On closer inspection, it's perceptibly a faked look, a camouflage for children who feel an urgent need to test boundaries, again and again and again.

But still, a look which I generally find untrustworthy in children, generally associated with the worst childish vice: liars; a response I feel I have to talk myself out of.
I'm not a Stasi member, I have no right to treat children unfairly, or judge them to be heinous for any particular facial tic. Thus I try to maintain a consistent, meticulous front of 'fair'.

I'm hyper conscious of my mild dislike of Huseyin. I carefully measure any replies, instructions or reprimands, till I've judged them scrupulously fair in relation to the other boys. I make sure I smile when speaking, and offer compliments and praise. Mostly, I'm relatively confident I achieve my aim: I behave rationally and fairly towards the child.

Three sample dialogues this week:
1. Huseyin was affronted that I brought in jelly tots for the class, and offered a handful to each child who'd worked hard (it's a bottom set class in an exam year, and momentum needs more than only academic reinforcement to be maintained). He loudly opined that he didn't want any sweets, that it was a bribe.
Yes, it's a bribe, I smiled.
Twenty minutes later, Huseyin has finished more work than in the preceding thirteen weeks. He looks defiantly at me, saying nothing. I casually walk behind him, and mutter, "and here are yours, Huseyin, okay?" as if he'd asked, as if he'd apologised, as if he hadn't challenged me and refused to back down.
The child takes the sweets.

2. Next lesson, Huseyin worked by his own volition, at half speed, and chatting throughout. A student had spotted me on the PC in the local store. Huseyin looks slyly at me and says he'd "heard" I'd been looking at porn.
James is alerted to a new idea. "Would you do that, miss, would you look at porn?"
A secret smile spreads across Huseyin's face. He's destabilised the lesson again.
Of course not, I smiled. Do you think a teacher would do that? In the local store?
Tommy protests: "but you could, miss. After all, you're an adult." His face wears an expression of reasoned debate, as if he's deduced the logical flaw in my reasoning.
No, Tommy, I don't think any teacher at this school would do that. Even if they are adults.
"Are you married, miss?" asks Huseyin. Again the sly look. Drawing the subject out? Or perhaps that's just his face.
None of your business, boys, let's get on with this project. I smile. Broadly.

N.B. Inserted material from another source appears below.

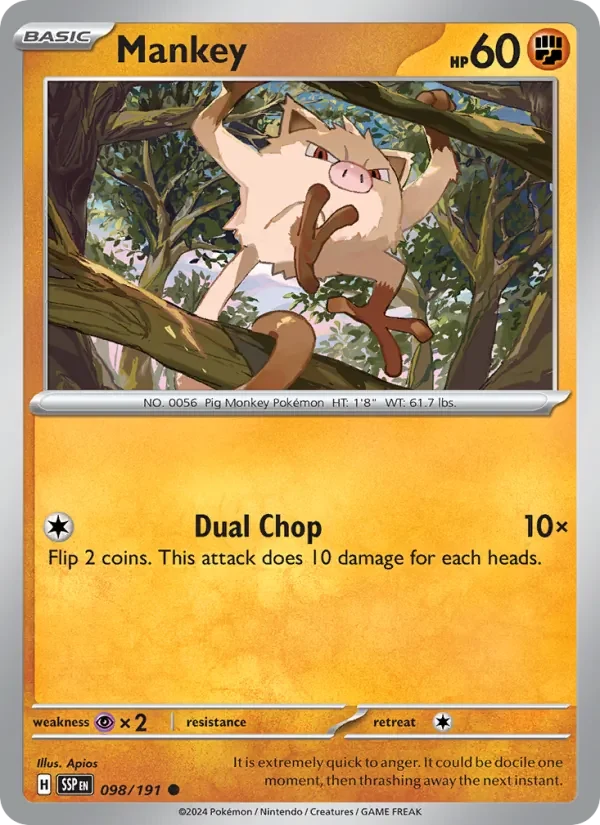 Mankey 098/191 Surging Sparks Pokémon card, Common, front scan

3a. Penultimate week of the term and the class get a film as a treat for meeting their deadlines. Huseyin isn't happy - the film requires ten minutes of listening to understand the plot. White Fang is a cutesy puppy movie, essentially, I know my audience, and know they'll settle to it once the first bump is over. Huseyin begins to throw pellets.
After a calm, modulated reprimand, I give Huseyin and some other boys permission to go to Learning Support to do some internet research for his project, facing immediate deadline. He takes the slip silently, not thanking me, but not throwing things or loudly 'not caring', either.
I think I'm doing okay, but it turns out I *AM* the Stasi. Look at the levels of cold manipulation in the next dialogue that occurred, and see just which direction they're consistently coming from.
3b. Thirty minutes on, and Huseyin slinks back into the room, alone. He sits quietly at the back. I whisper to him a question. (no audience means no showboating)
"I got sent out of Learning Support."
Why? Did something happen? (no-blame statement)
"Nothing! I did nothing! She just said 'I'm keeping my eye on you'! For nothing!"
Do you know that teacher from another time? (inviting elaboration, but allowing grunt responses)
"No! I never saw her before! She didn't tell off no other boys, too, just me."
Gosh, really? That's very odd. Did she think you were someone else? (allow leeway for student to be partially exonerated, to prompt full confession)
"No! All I did was go on the computer games."
Did something happen? (Doubtful tone, non-judgemental stance)
"She didn't tell none of them off. Alls I said was 'why'?"
Ohhh. So it was just you. Just your reputation, then? It's not particularly nice if you have a reputation, is it? (eventually bring the dialogue back around to moral choices, non-threateningly)
"Yeah... !"
Did you have an overdue book? (backtrack, and remind him of privileges)
"Well, and I did swear at her a bit. Just told her to fuck off. That's all!"
Oh. I see.
Sorry. At that point, I really couldn't stop myself from giggling, and had to turn away.
Injured innocence always humanises them in the end.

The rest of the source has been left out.